* _What you are asked to do_
Copy every entry exactly as given, minus the images.

Extracted data entries
= Beginning of Section =

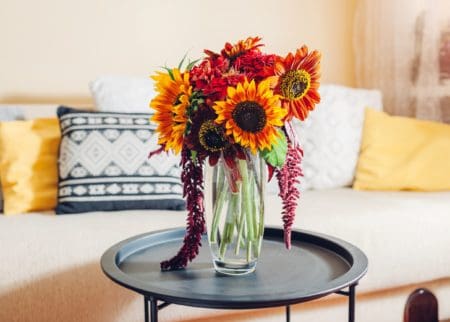 Vase of sunflowers on coffee table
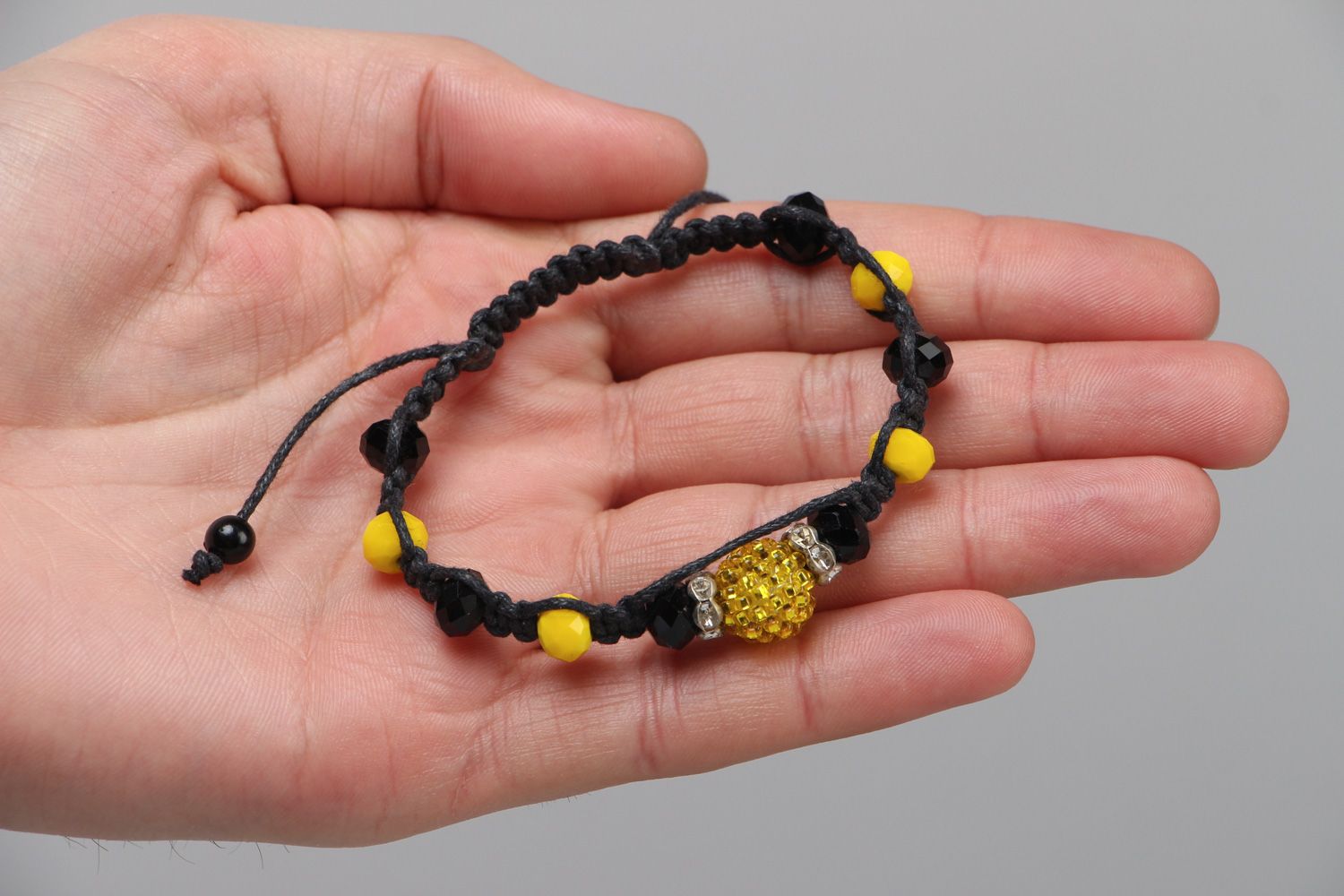 Handmade friendship bracelet woven of black cord and yellow beads for women photo 3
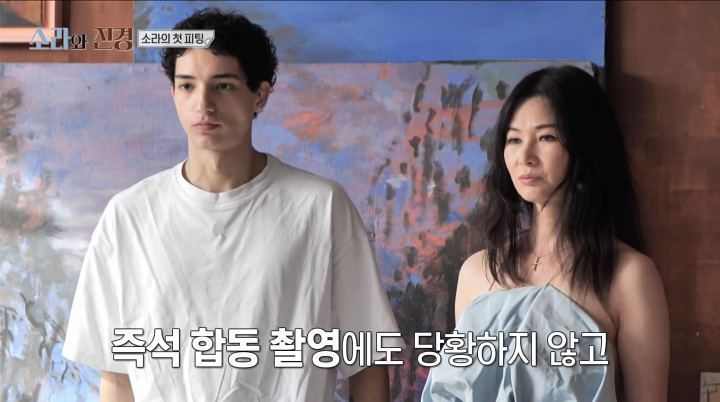 푸른빛 드레스를 입은 이소라가 흰 티셔츠의 남자 모델 옆에 선 방송 화면
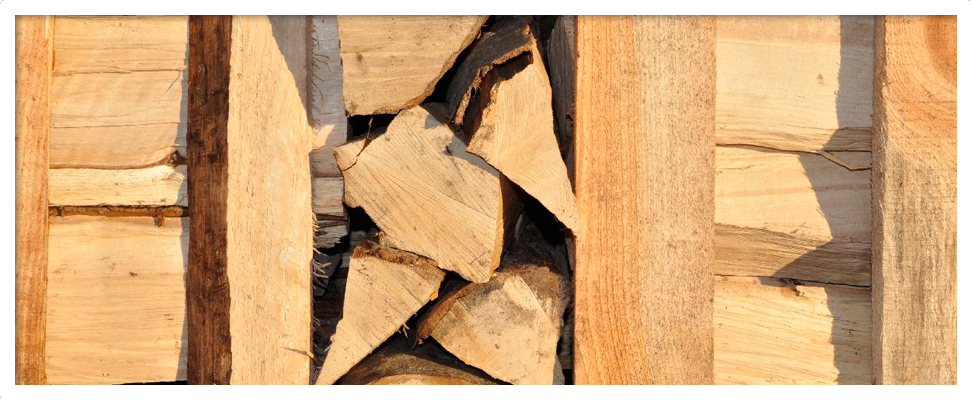 Ofenfertig gespaltenes Holz hinter Holzlatten gestapelt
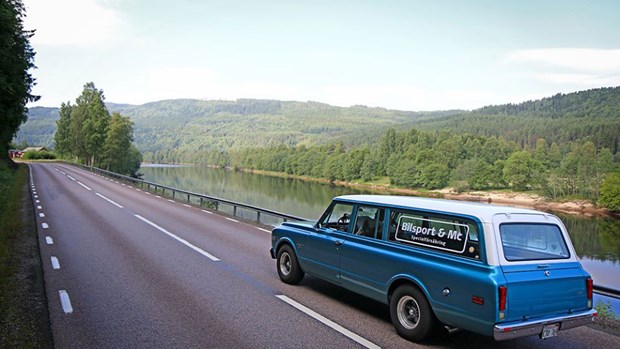 Veteranbil som åker på väg med grönska i bakgrunden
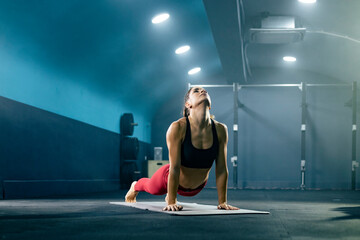Young fit woman in sportswear doing yoga at gym in upward facing dog pose.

= End of Section =

* _The completed task_
 Vase of sunflowers on coffee table
 Handmade friendship bracelet woven of black cord and yellow beads for women photo 3
 푸른빛 드레스를 입은 이소라가 흰 티셔츠의 남자 모델 옆에 선 방송 화면
 Ofenfertig gespaltenes Holz hinter Holzlatten gestapelt
 Veteranbil som åker på väg med grönska i bakgrunden
Young fit woman in sportswear doing yoga at gym in upward facing dog pose.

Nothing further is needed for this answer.